By: Nicole D’Andria
James A. Bretney has experienced three deployments in the last couple years over to Iraq. He has been enlisted in the army for over eight years and is active in politics that volunteer in campaigns in California, Arizona, Washington, Georgia, South Carolina and Colorado. He also has a passion for writing and has finished his comic book western published by Lucha Comics, Up the Trail, which I will be discussing with him today.
Up the Trail is an adaptation of the over hundred year old novel Log of a Cowboy by Andy Adams. It is a coming of age story about a cowboy going up the Great Western Trail in the year 1882. Bretney found the story from Richard Kilmer of LibriVox in the public domain.
I spoke with Bretney about his comic book creation as well as his experience as a writer and filmmaker.
Me: Why did you decide to create a comic book western?
I will say that Texas Rising and Hatfield and McCoys both from the History Channel are quite good.
Me: Why did you decide to have it in both mediums?
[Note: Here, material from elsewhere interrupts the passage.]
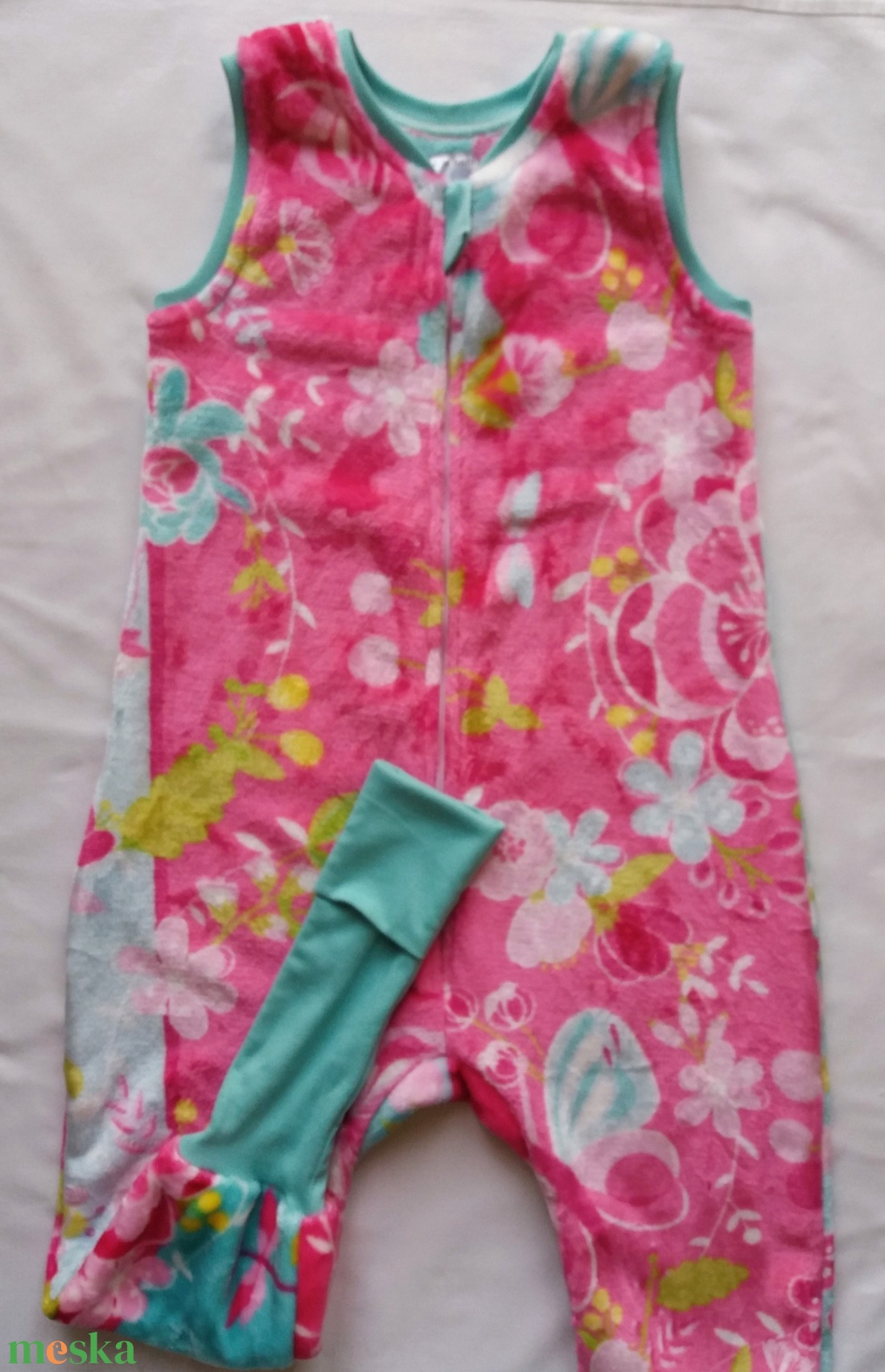 110-116-122-es Tavaszi téli tipegő hálózsák wellsoft  pillangós virágos - baba - mama - babaruházat - tipegőhálózsák - Meska.hu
Bretney: I have to develop a fan base. Movies and TV are such an expensive process. They cannot exist without a fan base. Usually as a producer when you are producing an original story you have to have a star attached and that means money. If you have no money, make a comic book and find a fan base. Rodolfo and I have been publishing for about a year. We have not really found our fan base yet.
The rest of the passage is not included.